An interesting video about how this therapist is applying learning about sensory integration to inform her practice in young people with trauma. It is really important to the growing application of Ayres’ Sensory Integration in the field of trauma that we clearly define what we are doing and how we practice, how we work in a way that meets Fidelity or not. We need to describe what we do – and if it is according to Fidelity so that what we describe is clear – when is it the use of the theory of sensory integration to inform clinical reasoning and develop and implement sensory informed cognitive behavioural approaches and when is it Ayres’ Sensory Integration. This is an important and critical distinction. This does not mean either approach is not valid or useful – but just that we are clear about what we are delivering so our intervention and outcomes can be measured and reported clearly.
Can we use the assessments from ASI and then deliver sensory approaches, sensory strategies and not one to one therapy according to Fidelity to Ayres’ Sensory Integration? Yes, sometimes this is all we might be funded or able to do. It is the best we are able to offer given local resources, commissioning and geographical challenges.

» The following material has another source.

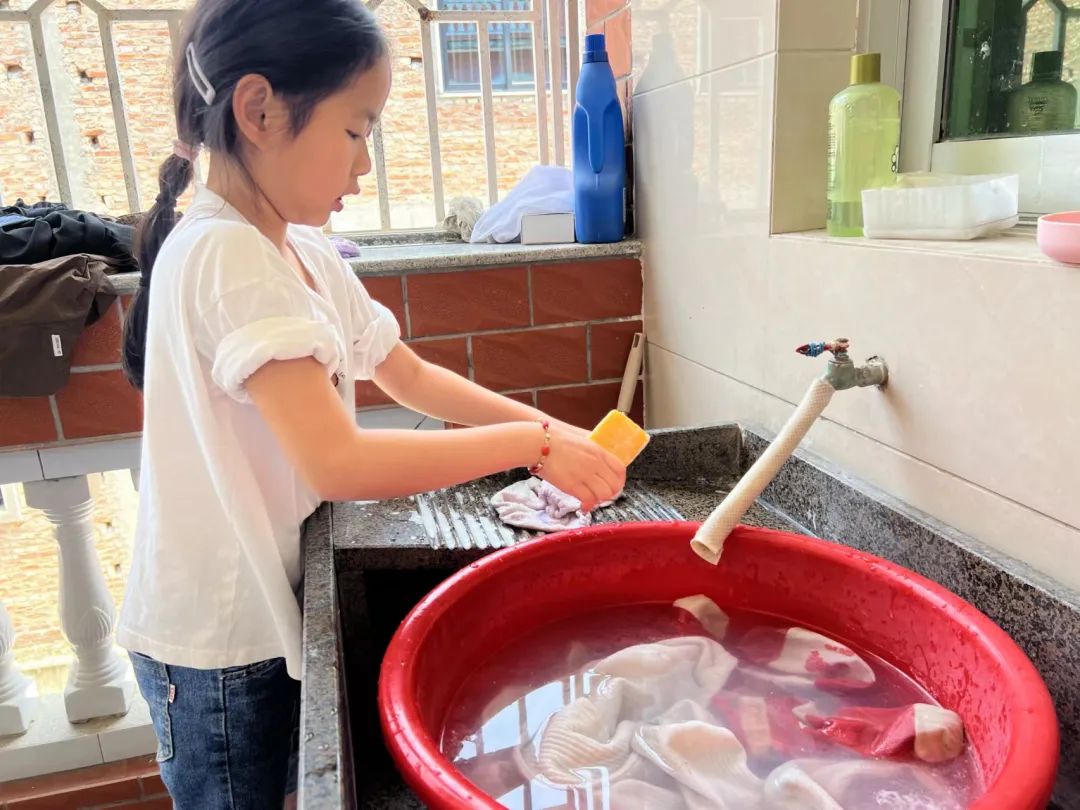 红领巾爱祖国——东石镇第二中心小学、檗谷小学开展一年级入队前教育活动 第21张 红领巾爱祖国——东石镇第二中心小学、檗谷小学开展一年级入队前教育活动 第21张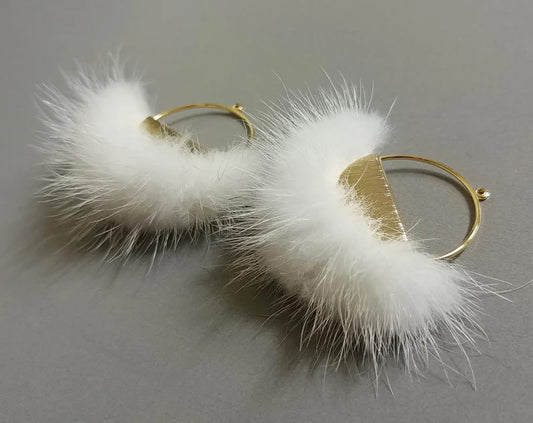 White, 50mm Half Moon Mink Fur Pendant, ECT0039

I work with young people with trauma and I use Ayres’ Sensory Integration that meets Fidelity, but I can also sometimes only deliver consultation post assessment – but my strategies and clinical reasoning are deeply embedded in the theory of Ayres. When I do this the results can make a significant impact on the person’s ability to be safe, takes less medication or self-harm less, as my theoretical knowledge is sound and robust, grounded in current neuroscience and Ayres’ theory. Now we need the research to eveidence this way of working when funds and time is limited.
How do you practice if you work with trauma using Ayres’ theory, and how do you record what you do?